Tuesday, July 28, 2009

Idiot Generation

I wonder now that developmental curriculum has again given way to syllabus driven curriculum if we will look back at the current generation as the illiterate or idiot generation. A bunch of kids that have 'challenged' spelling, writing, reading, grammar and arithmetic. A generation where challenging oneself was only the domain of those driven from outside the education system or those lucky few with teachers with the ability to entertain or drive students through sheer will.

This being the case, will children that have been betrayed by a poorly implemented experimental education system be able to seek redress from the government in years to come?

We risk a lot when we keep children in the system until year 12 regardless of their want for education. These children typically do not succeed and do not want to be in the education system. Are they the stolen generation of the future, "abused" by being kept in a system neither of their want or perceived need (by either their parents and themselves) a system not really geared to their needs, in many cases the children themselves are resented by those within the education system as time wasters and do nothings?

Will we be accused of preventing children reaching their potential by not providing adequate measures to curtail disruption in the classroom? Should we be doing more to create optimal environments for learning? Is preventing disruptive kids from these "optimal learning environments" abuse by neglect?

As society becomes a more litigious environment and legislators are less able to create common sense legislation, schools could become a battleground for lawyers on behalf of parents and children, based on the expectations gained through unscientific reports given by schools in early years and via standardised testing and IQ analysis.

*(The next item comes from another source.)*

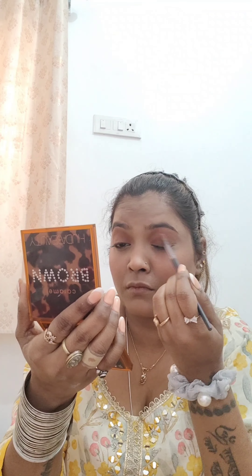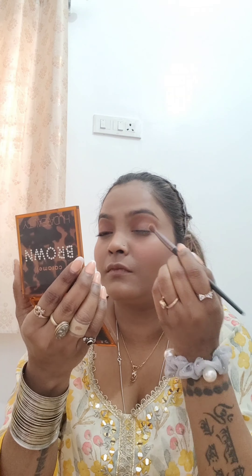Then comes the foundation part. I am using Sugar shade number 42 stick — I usually mix both shades to get a proper match for my skin. I use a Pack 252 number brush. I have been using this brush for 3 years; it's a one-time investment and you don't need any other brushes.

Are students that only respond to physical violence at home (and/or experience few real boundaries) able to respond to verbal chastisement at school? Is a teacher that hits a student on the arm with a ruler worthy of an assault charge? Can we better protect the 100's of teachers that are assaulted every year?

I would hate to think that negative questions become the focus questions facing our next decade. I personally would much prefer to be concentrating on creating a stronger education system, well funded, well managed and with willing participants.